Yes I linked to your FOI request and I thought you’d be interested in this.
I also considered putting the whole thing in a large table on this blog rather than linking to the file on Wirral Council’s website. Doing large tables in HTML can be tricky though to get right, even if you just copy and paste it from the pdf file.
I’m going to bring up the issue of the missing amounts for Mayor/Deputy Mayor in a face to face meeting later today with a senior Wirral Council officer.
I think the rest of the press (whether it be Wirral Globe, Wirral News or Liverpool Echo or broadcast such as local radio) already read this blog as they’ve used it in the past as a source for stories in the past. I remember in your FOI request the response from Wirral Council was, well anyone can go in a library and look at it on our website.
The truth is though, the same arguments about being computer savvy apply also to this blog. Since June 2011 (and the issues with the Lib Dems) I don’t write for any print publications (although maybe I should write a piece and submit it to a newspaper or other print publication and see what happens though).
I did notice that the annual amount that Wirral Council pays to its councillors (without the Mayor/Deputy Mayor and outside bodies amounts) is comparable to the annual amount that Lyndale School receives.
How much would it cost us if 1).We had a smaller amount of councillors or,
2) We had true democracy and no Spin!
In answer to 1) assuming you paid them the same and there was a proportionate reduction in special responsibility allowances then here are the approximate figures (I’ve kept the independent person total expenses the same as they’re trivial compared to the overall amounts).:
Current situation: 66 councillors (3/ward) + 3 independent persons £754,783.13
44 councillors (2/ward) + 3 independent persons £503,329.19 (saving£251,453)
22 councillors (1/ward) + 3 independent persons £251875.24 (saving £502,907)
However with the last option, the role of councillor would become full-time (like the role an MP has) so you’d probably have to pay them more than they get now as it’s classed as part-time. If councillors take on extra responsibilities such as a member of the Cabinet, then they already get closer to the average full-time salary.
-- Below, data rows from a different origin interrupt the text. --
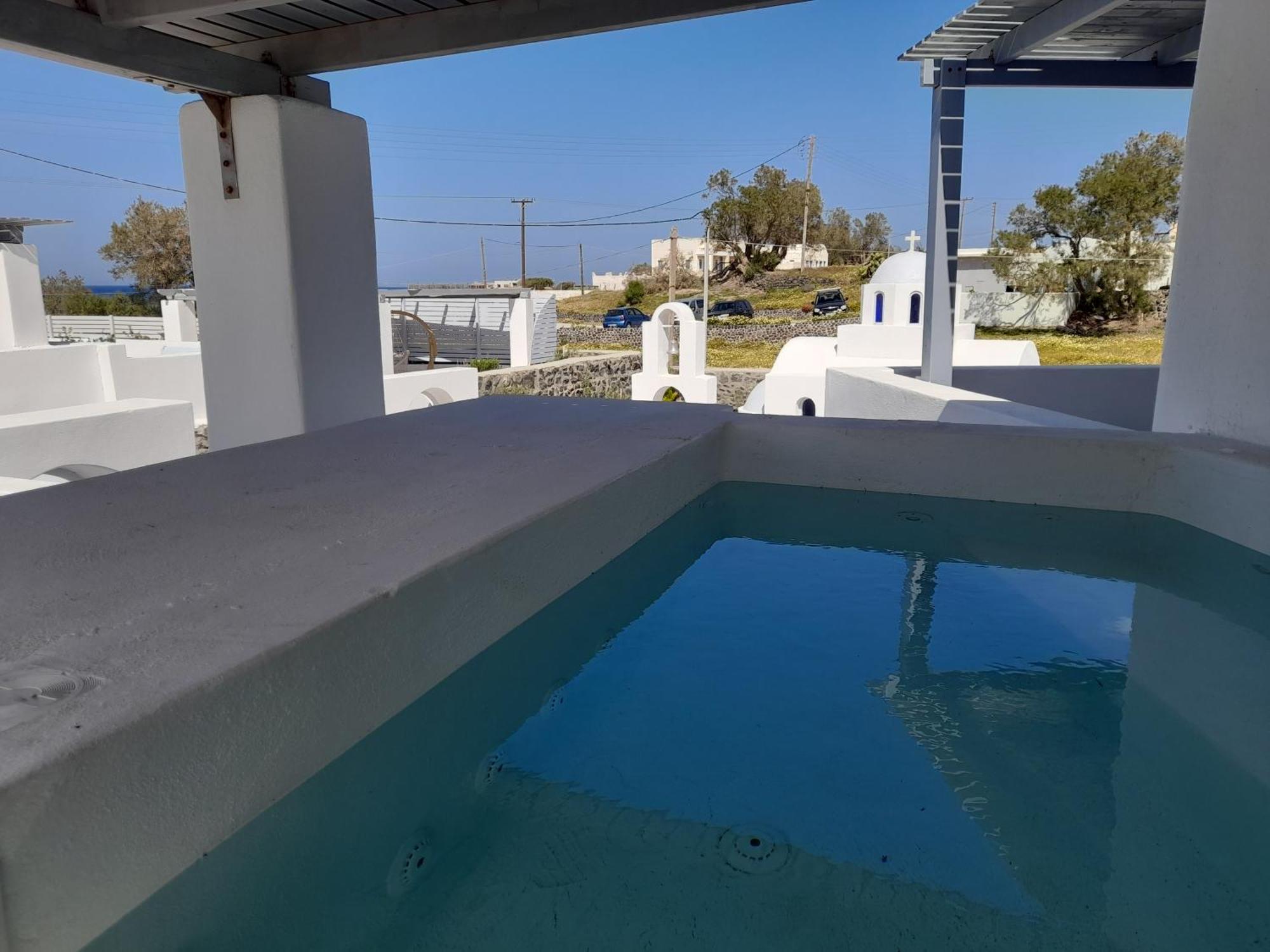 Atlantis - By S Paradise - Outdoor Jacuzzi & Seaview Apartment *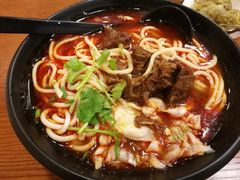 -鑫花溪牛肉米粉(凤凰街创始总店)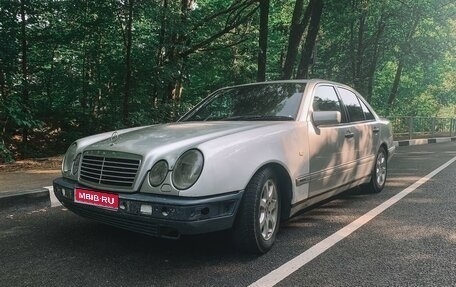 Mercedes-Benz E-Класс, 1997 год, 500 000 рублей, 1 фотография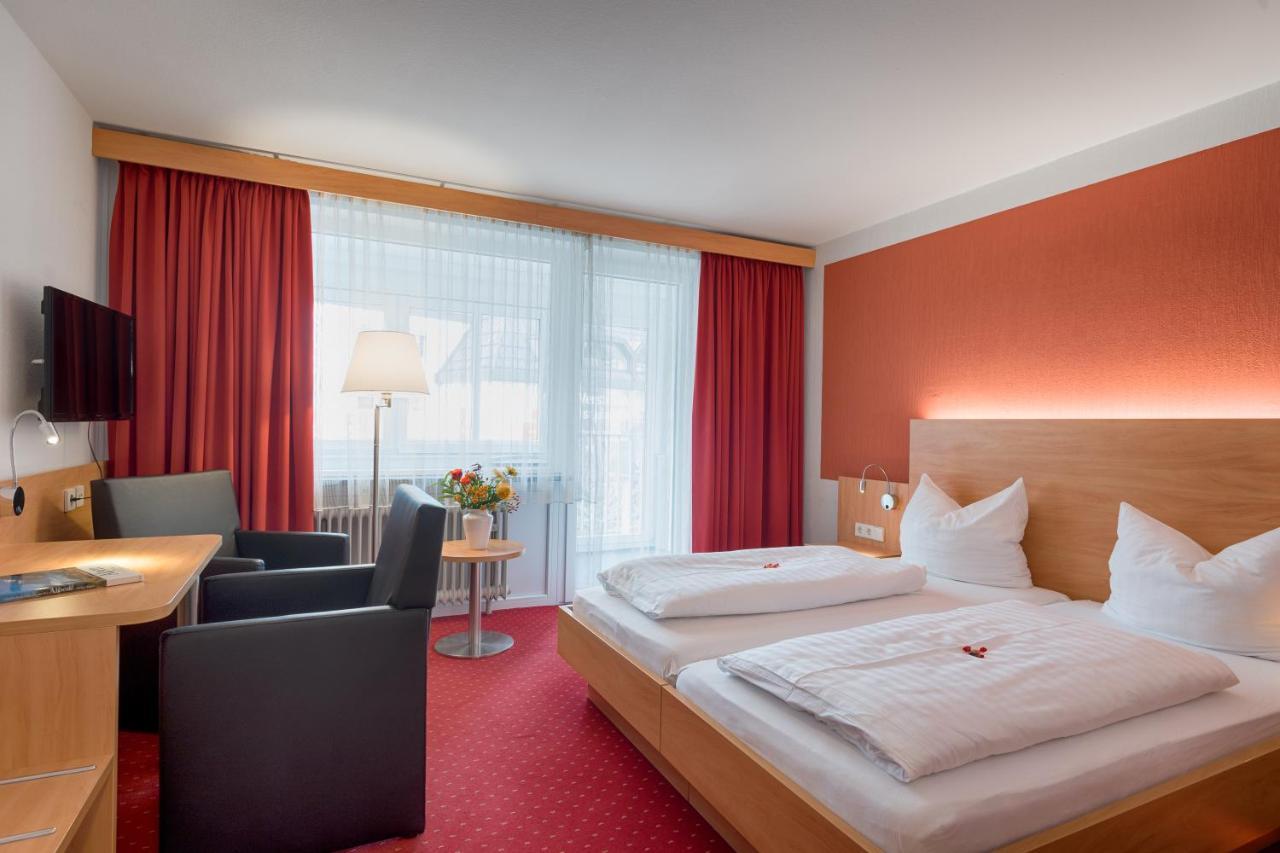 Hotel Jaegerhaus ทิทิเซ-นอยชตัดท์ ภายนอก รูปภาพ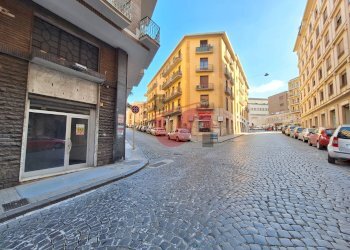 Foto 1 - Commercial Premises Corso Vittorio Emanuele, Benevento - photo 1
One thing to point out is that each of the three political leaders (Labour, Conservative and Lib Dem) have a secretary. Each group of over 10% of councillors used to also have a full-time research assistant (until the roles were abolished in previous year’s budget cuts). A lot of councillors got the research assistant doing back office work to do with casework that strictly speaking the councillors should be doing. From what I recall each political group also has an office manager.
If you made it one councillor per a ward, they’d probably want (like MPs do) to employ staff to help them so any saving would be offset by employing extra people. The role at the moment (for a backbench councillor) is seen as part-time and many have full-time jobs they do at the same time.